[DATA TO USE Boundary: Start]
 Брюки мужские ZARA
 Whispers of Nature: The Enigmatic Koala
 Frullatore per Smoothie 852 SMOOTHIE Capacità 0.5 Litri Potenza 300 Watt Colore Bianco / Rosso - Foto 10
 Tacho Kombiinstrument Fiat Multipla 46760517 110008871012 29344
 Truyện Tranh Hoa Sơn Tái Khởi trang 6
[DATA TO USE Boundary: End]
[DATA TO USE Boundary: Start]
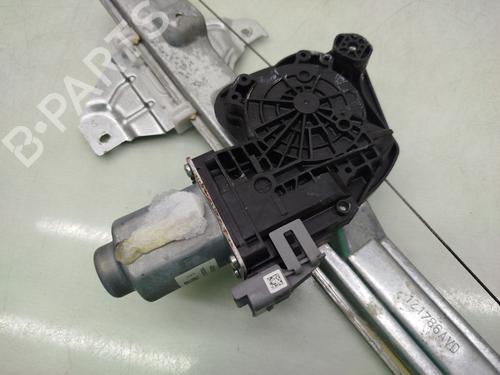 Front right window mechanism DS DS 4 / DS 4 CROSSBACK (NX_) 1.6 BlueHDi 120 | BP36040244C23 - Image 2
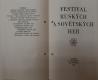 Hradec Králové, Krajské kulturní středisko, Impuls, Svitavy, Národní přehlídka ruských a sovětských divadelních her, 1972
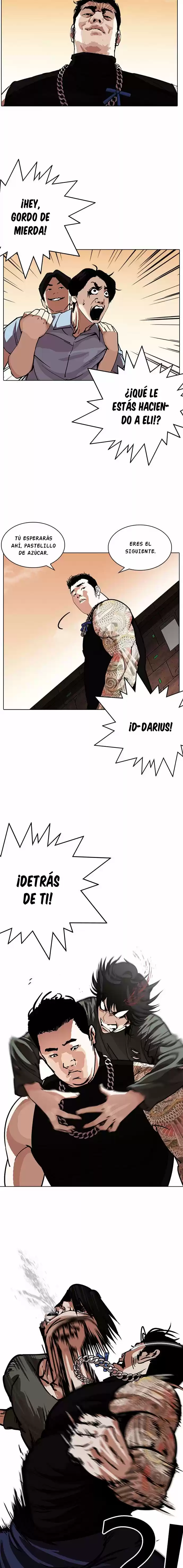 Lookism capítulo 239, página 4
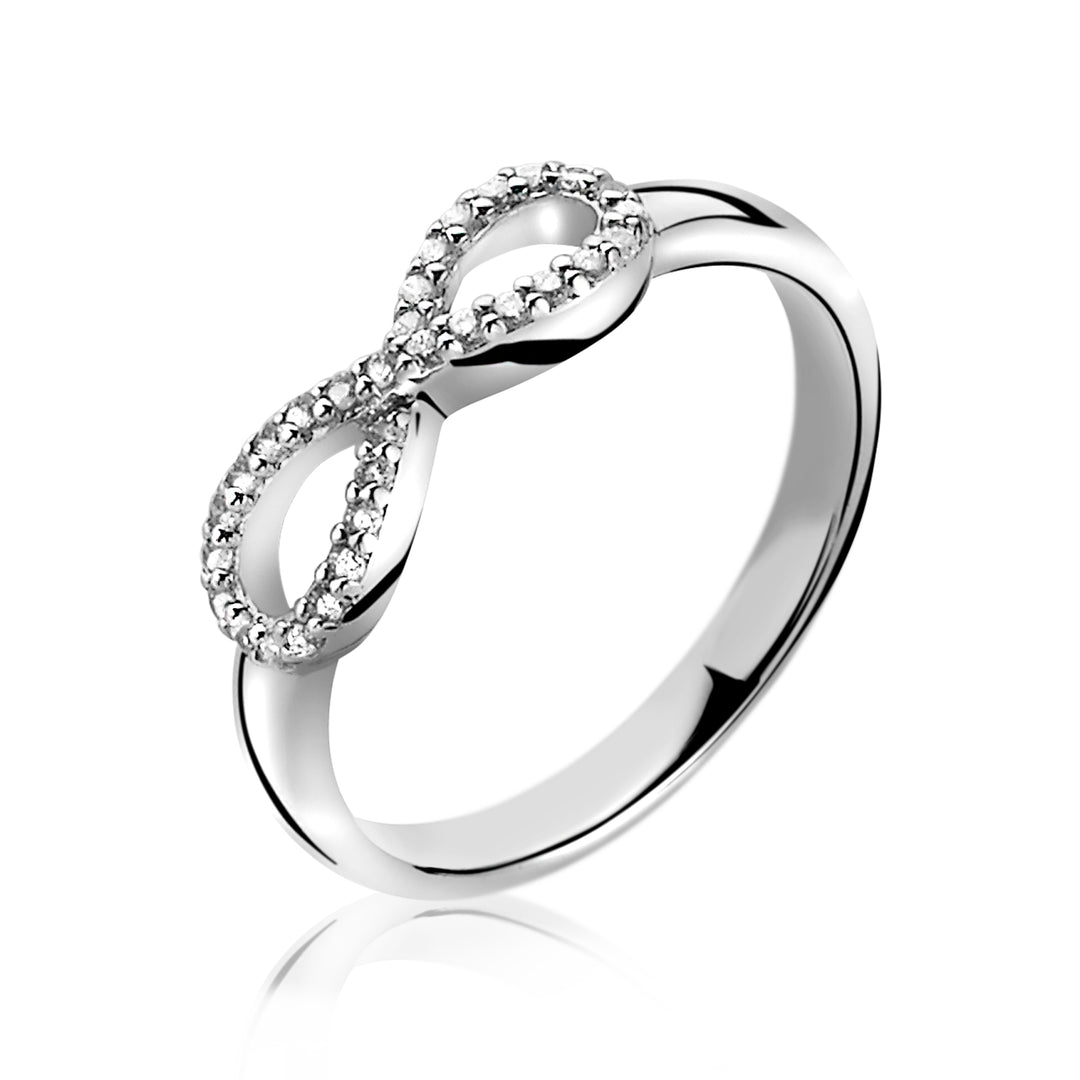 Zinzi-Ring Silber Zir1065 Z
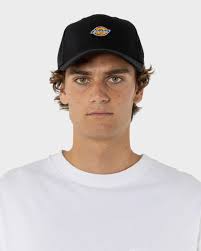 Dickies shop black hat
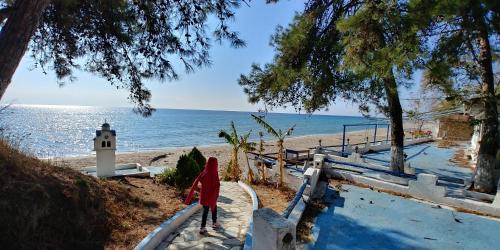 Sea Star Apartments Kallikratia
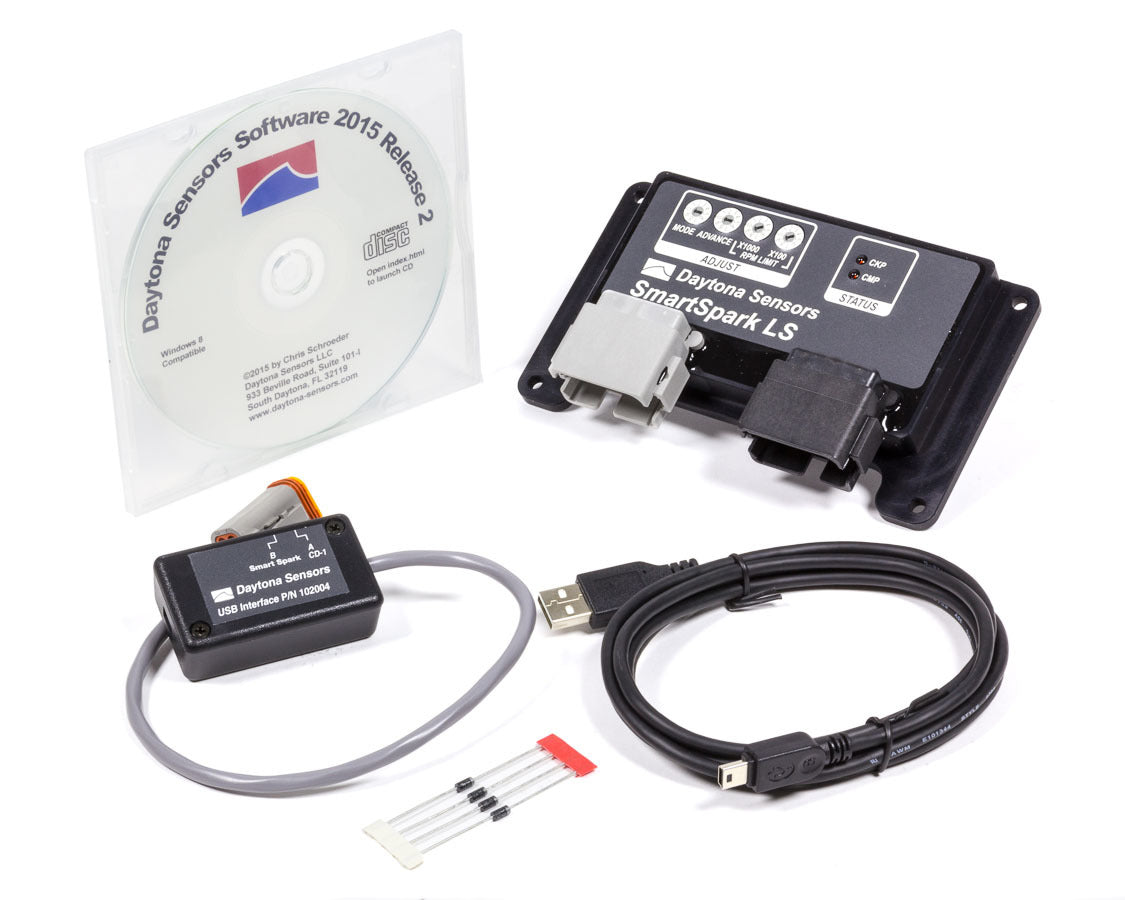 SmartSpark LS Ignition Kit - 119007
[DATA TO USE Boundary: End]
YOUR INSTRUCTIONS
Out of the records above, set down only the lines from the one that contains "Hradec Králové, Krajské" through the one that contains "SmartSpark LS Ignition Kit - 119007", unchanged and without the pictures.

ANSWER FOR THIS EXERCISE
 Hradec Králové, Krajské kulturní středisko, Impuls, Svitavy, Národní přehlídka ruských a sovětských divadelních her, 1972
 Lookism capítulo 239, página 4
 Zinzi-Ring Silber Zir1065 Z
 Dickies shop black hat
 Sea Star Apartments Kallikratia
 SmartSpark LS Ignition Kit - 119007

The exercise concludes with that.